29.4 In compiling the national accounts the ABS is mindful of all of these issues. The ABS maintains regular contact with key users and their views on what aspects of quality are most important to determine how the quality trade-offs are dealt with. User views on quality are also given prominence in developing work programs for improving the quality of the national accounts.
Accuracy
29.5 Accuracy can be defined as the proximity of an estimate to its notional true value. The true value is considered notional because, in practice, most statistics cannot be measured with perfect accuracy. Also, as this true value is generally unknown, it is generally impossible to quantify exactly how far an estimate deviates from its true value. Nonetheless, by being aware of the factors that influence accuracy, judgements can be made as to the extent of error likely to be associated with an estimate. These judgements can be enhanced by comparing estimates that conceptually should be identical, or by comparing estimates where a particular relationship between the estimates could be expected. In other words, the extent to which a set of statistics are coherent can provide a guide to the accuracy of the statistics. However, it should be noted that a coherent set of statistics is not necessarily an accurate set, as the statistics that are being compared may suffer from similar magnitudes of error with the errors being in the same direction.
29.6 The accuracy of statistics is influenced by a number of factors, including:
- data collection errors, which include errors due to the inability of data providers to report on the correct basis, mistakes in the reporting of data, errors due to non-response, and errors introduced during the processing of data;
- methodological errors, which include errors resulting from shortcomings in data sources and estimation methods;
- errors in the coverage of source data collections; and
- errors attributable to the use of sample surveys, rather than complete enumerations.
29.7 The national accounts are compiled within a comprehensive framework, and so it is possible to reduce the impact of these data errors through the confrontation of the various estimates in the national accounts. Data confrontation is built around the conceptual relationships that exist between data items. The best known data confrontation exercise is the compilation of the annual supply and use tables. In the compilation of these tables, estimates of the supply (production) and use (demand) for commodities are compared, with differences in the initial estimates being eliminated. At the same time estimates of the value of production are compared with estimates of incomes attributable to production and differences are eliminated.
Data collection errors
29.8 The most likely source of data collection error, from a national accounts perspective, would result from the inability of data providers to report on the correct basis. The data requirements underlying the national accounts are complex and, although every effort is made to match survey data items with business accounting practices, it is inevitable that some data providers will include in their survey responses items that should not be included, and exclude items that should be included. Sophisticated techniques are used to edit provider responses but not all errors will be recognised and rectified. If patterns of misreporting are identified, steps will be taken to reduce the incidence of misreporting, either by specifically drawing to the attention of data providers what should be included or excluded, or by changing the reporting requirements to better align with business accounting practices. The problem with the latter approach, though, is that some adjustment will be needed to reported data to place it on the correct basis for national accounts compilation. This adjustment process is another source of error for the national accounts estimates themselves.

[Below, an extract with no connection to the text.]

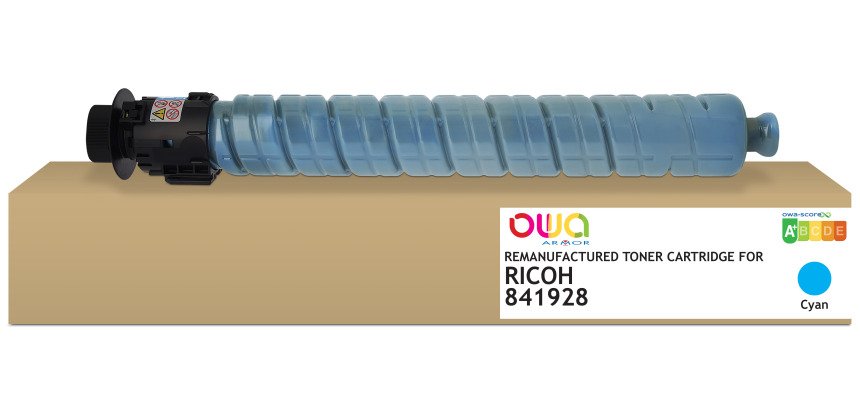Toner remanufacturé OWA - standard - Cyan - pour RICOH 841928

29.9 As well as inappropriate inclusions and exclusions, data providers can make errors with regard to the timing and valuation of their transactions. Because the national accounts is a closed system, such errors can lead to inconsistencies, affecting the coherency of the accounts. For example, if the import of a capital good, valued at $150 million, was recorded in one quarter and the related capital formation (assuming that the good never entered inventories) was recorded in the subsequent quarter, then the expenditure measure of GDP will be too low by $150 million in the first quarter and too high by the same amount in the next quarter. This, in turn, will cause errors to growth rates for three quarters, the two quarters affected by the misreporting and the following quarter, with the greatest error occurring in growth rates for the middle quarter.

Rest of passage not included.